Personen
Georg Herbig (links) und Richard Lischka von der KWS-Zuchtstation in Seligenstadt. FOTOS (5): Christine Weißenberger, Georg Herbig
Ein Blick hinter die Kulissen der Versuchsarbeit
Präzision statt Zufall
Im Interview mit zwei Versuchstechnikern aus Seligenstadt

Georg Herbig (links) und Richard Lischka von der KWS-Zuchtstation in Seligenstadt. FOTOS (5): Christine Weißenberger, Georg Herbig
Ein Blick hinter die Kulissen der Versuchsarbeit
Präzision statt Zufall
Im Interview mit zwei Versuchstechnikern aus Seligenstadt
Von Christine Weißenberger, Redaktionsleitung der dzz
dzz: Stellen Sie sich bitte kurz vor.
Herbig: Ich heiße Georg Herbig und bin seit 1990 bei der KWS in Seligenstadt. Ich verantworte die Zuckerrüben- und Winterrapsversuche in Niederbayern und Österreich. Mein landwirtschaftlicher Hintergrund: Nach meiner Ausbildung zum Landwirt habe ich die Technikerschule in Triesdorf besucht, außerdem bin ich aktiver Landwirt auf meinem Betrieb mit Zuckerrüben, Mais, Weizen und Raps.

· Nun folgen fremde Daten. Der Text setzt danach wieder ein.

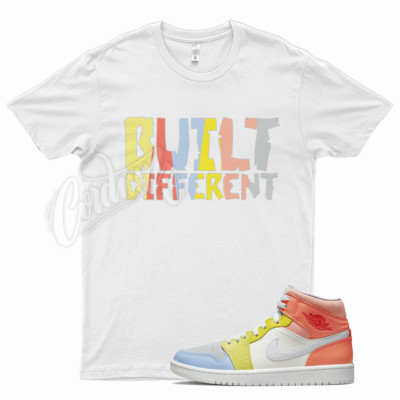 White BUILT DIFF T Shirt for '' To My First Coach '' Zoom CMFT Mid Low Zitron 1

Lischka: Mein Name ist Richard Lischka und ich komme aus einem landwirtschaftlichen Betrieb mit fast 700 Hektar und einem relativ hohen Zuckerrübenanteil in der Fruchtfolge. Ich habe Landwirtschaft studiert und bin seit fünf Jahren als Versuchstechniker bei der KWS. Angefangen hatte ich für den Bereich Seligenstadt und Südwest und seit 2025 verantworte ich auch die Versuche in Niederbayern. Wie sieht euer Jahresablauf aus?

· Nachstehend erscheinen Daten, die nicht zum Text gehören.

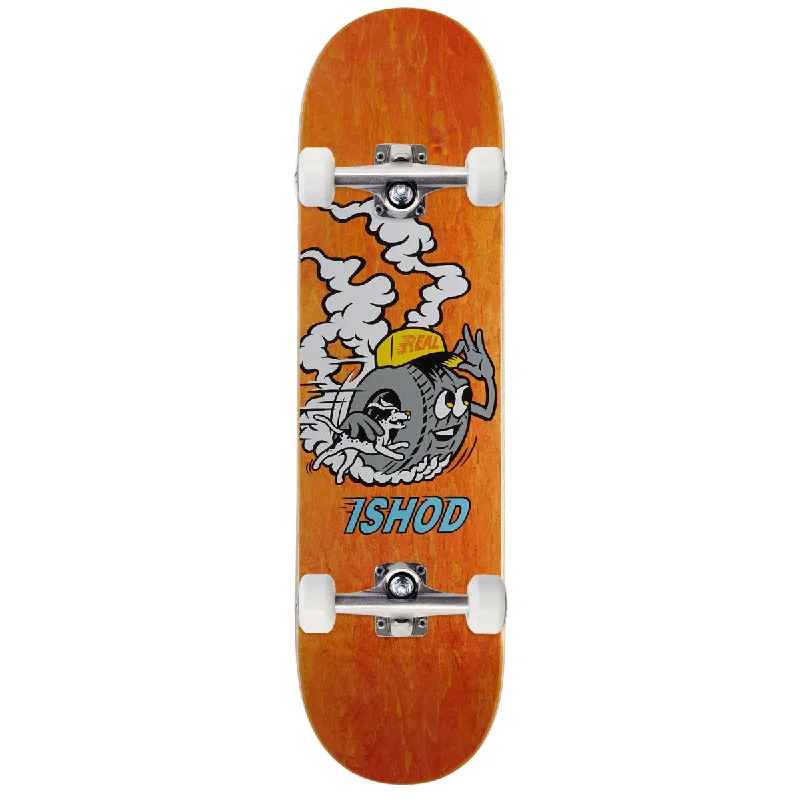 Real Ishod Mascot Easyrider Twin Tail  Skateboard Complete - 8.25"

Herbig: Von der Aussaat bis in den Juli ist für uns die intensivste Phase. Fehler, die hier gemacht werden, können nicht wieder gut gemacht werden. Wir Techniker verantworten Planung, Organisation und Qualitätskontrolle. Bis zur Ernte müssen dann die Bestände regelmäßig kontrolliert und bonitiert werden. Unsere modernen Ernteverfahren werden rechtzeitig zur Ernte den jeweiligen Versuchsstandorten zugeordnet. Wir Techniker haben vor allem die Planungsaufgaben. Alles muss organisiert sein: die Flächen beobachtet, das Saatgut vorbereitet, die Aussaat sichergestellt, die Kontrollen durchgeführt – und natürlich müssen wir immer dafür sorgen, dass die Mitarbeitenden motiviert werden.
Lischka: Aktuell (Mitte Mai) stellen wir die Netze für den Zikadenschutz. Das muss zeitnah auf jeden Fall vor dem ersten Einflug der Zikaden geschehen.
Normalerweise besprechen wir täglich, ob wir unseren Plan durch Witterung oder besonders dringliche Anfragen anpassen müssen. Wir Techniker sind auch vor Ort auf dem Feld, sprechen mit den Mitarbeitenden alles durch, haben aber auch viele Meetings und Büroaufgaben. Zusätzlich gibt es auch den Austausch zwischen den Kulturarten, also Raps, Mais und Getreide, die Rücksprache mit den Züchtern sowie die Arbeitseinteilung und -kontrolle.
Welche Versuche führt ihr durch und wie funktionieren diese?
Herbig: Wir führen die Leistungsprüfungen unserer neuesten Sortenkandidaten durch. Ertrag und Zuckergehalt sind sehr wichtige Kriterien. Wir sind besonders in Resistenzprüfungen engagiert: Cercospora, Rhizoctonia, Gürtelschorf, Vergilbungsviren, Insekten und jetzt auch extrem stark bei SBR.
Cercospora ist unser Klassiker. Um gleichmäßig hohen Befall abzusichern, inokulieren wir teilweise sogar unsere Felder. Das heißt, wir bestreuen die Rüben mit den Sporen, damit wirklich jede Parzelle das gleiche Ausgangsniveau hat.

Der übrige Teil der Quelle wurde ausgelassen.